Index(['Market_and_Exchange_Names', 'As_of_Date_In_Form_YYMMDD',
       'Report_Date_as_YYYY-MM-DD', 'CFTC_Contract_Market_Code',
       'CFTC_Market_Code', 'CFTC_Region_Code', 'CFTC_Commodity_Code',
       'Open_Interest_All', 'Prod_Merc_Positions_Long_All',
       'Prod_Merc_Positions_Short_All',
       ...
       'Conc_Net_LE_4_TDR_Long_Other', 'Conc_Net_LE_4_TDR_Short_Other',
       'Conc_Net_LE_8_TDR_Long_Other', 'Conc_Net_LE_8_TDR_Short_Other',
       'Contract_Units', 'CFTC_Contract_Market_Code_Quotes',
       'CFTC_Market_Code_Quotes', 'CFTC_Commodity_Code_Quotes',
       'CFTC_SubGroup_Code', 'FutOnly_or_Combined'],
      dtype='object', length=191)

Note that the dataset is in a "wide" format, as there are related fields that have values in the column name, e.g. "Conc...4" vs "Conc...8".  More info on data organization:  

* https://en.wikipedia.org/wiki/Wide_and_narrow_data
* https://vita.had.co.nz/papers/tidy-data.pdf

### What type is each feature?

### Distribution of each feature?

### What do the numeric features represent? Counts? Measurements?

### What are the pairwise relationships between numeric features?

## Brainstorming

Let's take a step back and connect your dataset to its real-world context.  

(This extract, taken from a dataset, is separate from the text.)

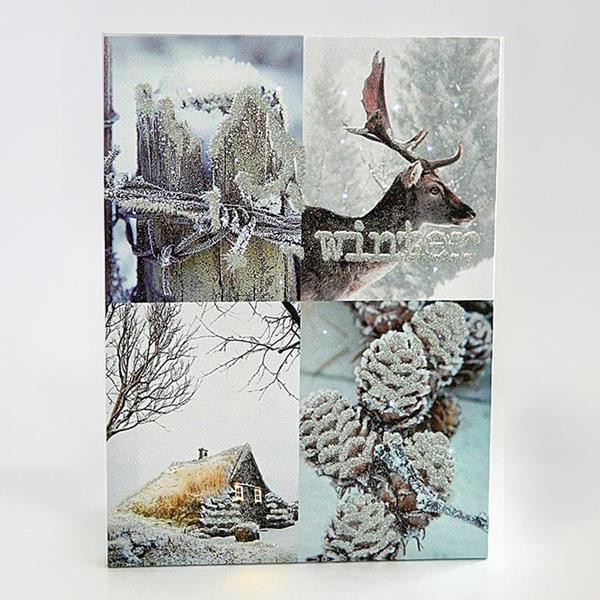 CUADRO EN LIENZO CON DISEÑO DE ESCENA NEVADA, 30X40cm, CON 26 LED, FUNCIONA A PILAS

Consider what these features and values actually represent.  Is there anything unexpected about the features?  What biases or thoughts did you have about this topic before exploring the data?  List off some "facts" that you think are true about your topic.  Our goal in EDA is to reconcile your perspective of the data / topic with the *truth* of the dataset.  What motivated you to choose this dataset?  What insights or questions are you investigating with this dataset?  Now that you've explored each of the features, which might be useful to you in your investigation?

## Open-Ended EDA

EDA is an iterative process.  It begins with answering initial questions which lead to more questions.  Using some of the brainstorming above, come up with at least one concrete investigation into your dataset.  This might be inspecting a specific irregularity, questioning a personal bias, or identifying a specific relationship between two features.  

To do this, you'll likely need to select a subset of your dataset, transform it into a simpler format, and finally visualize or summarize it.  Visualizations are **highly** encouraged at this point!  It's much easier to understand relationships visually.